Description of the task - Exactly as they appear, copy the lines from the one holding "Blur dazzle glow." through the end of the records, leaving pictures out.

** Opening Records supplied block **

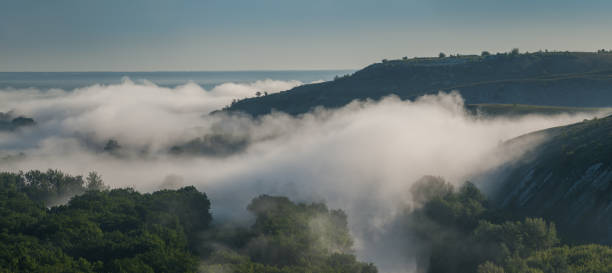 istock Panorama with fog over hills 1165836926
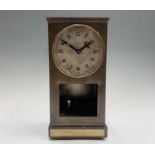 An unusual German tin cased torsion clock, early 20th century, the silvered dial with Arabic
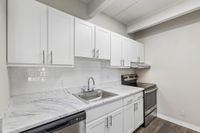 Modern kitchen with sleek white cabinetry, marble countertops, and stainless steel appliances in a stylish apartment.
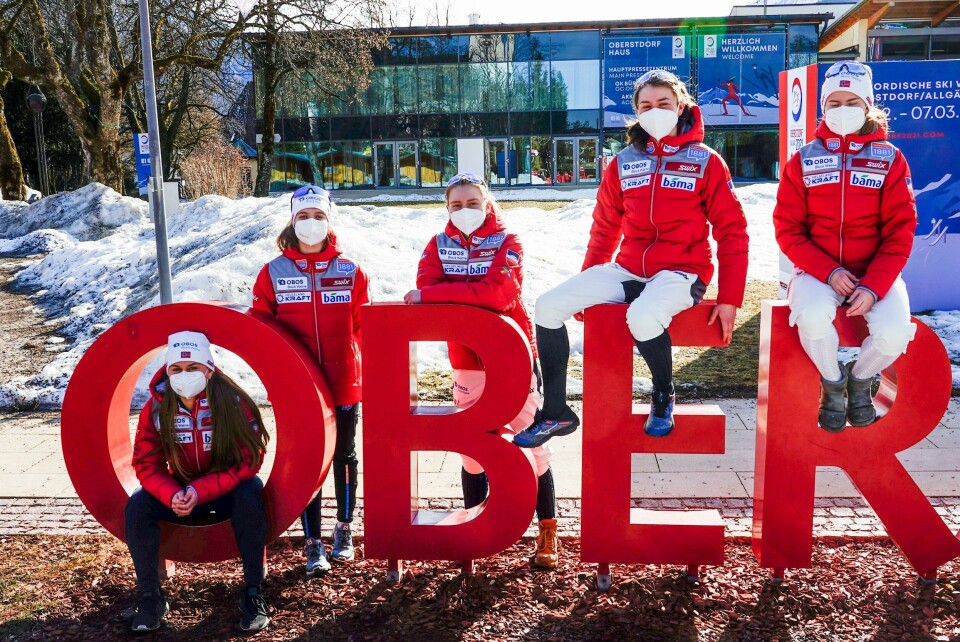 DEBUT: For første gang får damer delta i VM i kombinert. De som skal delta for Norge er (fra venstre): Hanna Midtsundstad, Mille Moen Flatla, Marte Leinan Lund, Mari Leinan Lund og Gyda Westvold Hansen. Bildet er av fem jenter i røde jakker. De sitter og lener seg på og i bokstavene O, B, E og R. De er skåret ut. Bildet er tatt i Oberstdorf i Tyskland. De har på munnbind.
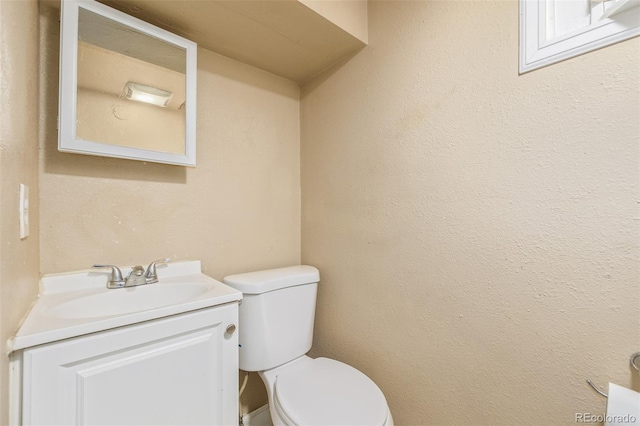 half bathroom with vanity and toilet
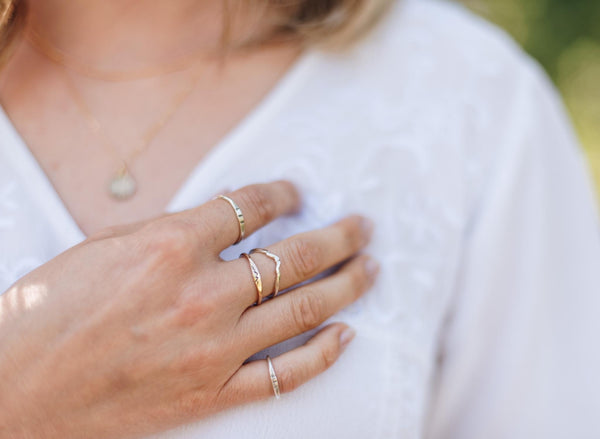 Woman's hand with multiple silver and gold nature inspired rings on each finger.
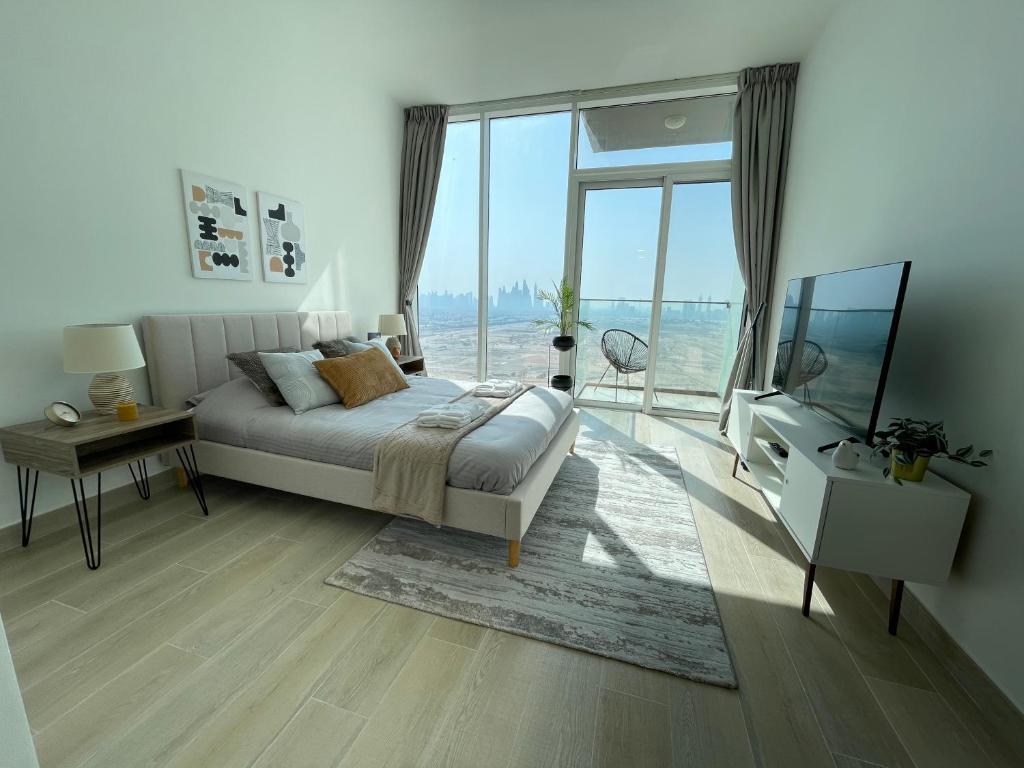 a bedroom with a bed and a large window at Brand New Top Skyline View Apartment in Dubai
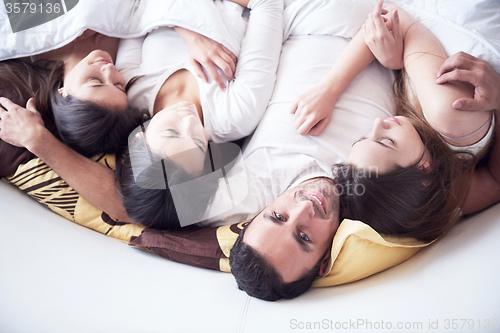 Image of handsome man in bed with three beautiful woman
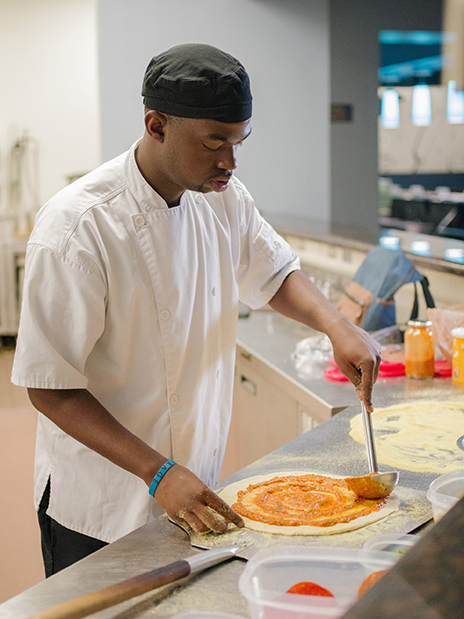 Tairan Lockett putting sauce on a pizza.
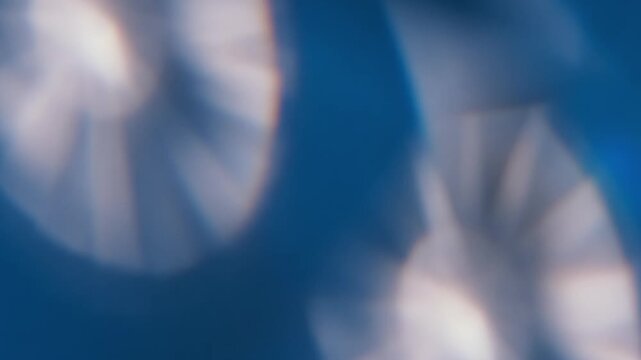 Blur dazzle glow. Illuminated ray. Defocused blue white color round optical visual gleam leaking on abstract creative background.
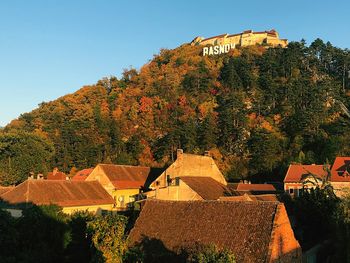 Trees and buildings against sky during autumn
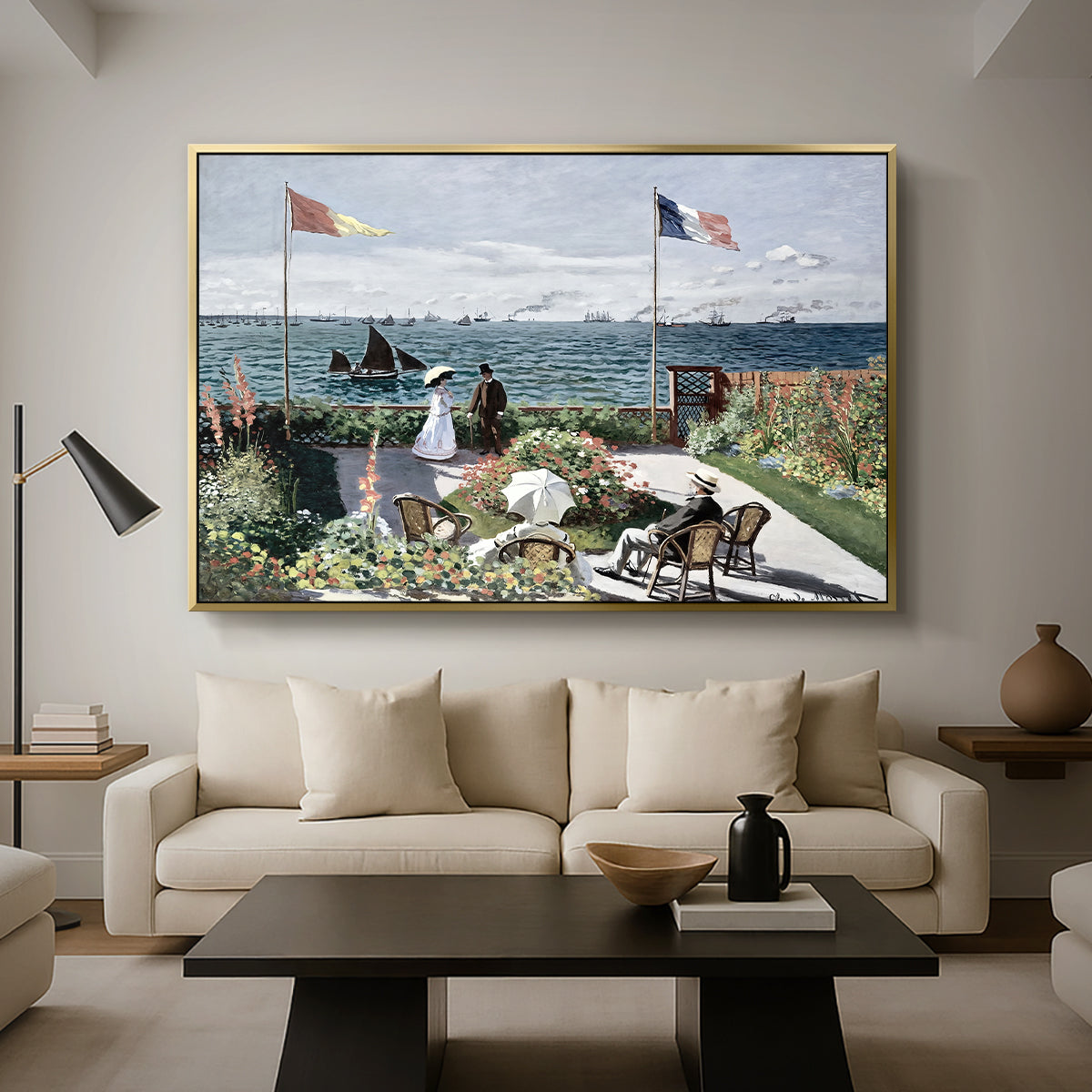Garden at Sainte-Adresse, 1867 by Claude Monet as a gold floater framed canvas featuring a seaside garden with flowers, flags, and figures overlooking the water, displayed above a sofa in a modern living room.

** Closing Records supplied block **

Solution for this exercise -
 Blur dazzle glow. Illuminated ray. Defocused blue white color round optical visual gleam leaking on abstract creative background.
 Trees and buildings against sky during autumn
Garden at Sainte-Adresse, 1867 by Claude Monet as a gold floater framed canvas featuring a seaside garden with flowers, flags, and figures overlooking the water, displayed above a sofa in a modern living room.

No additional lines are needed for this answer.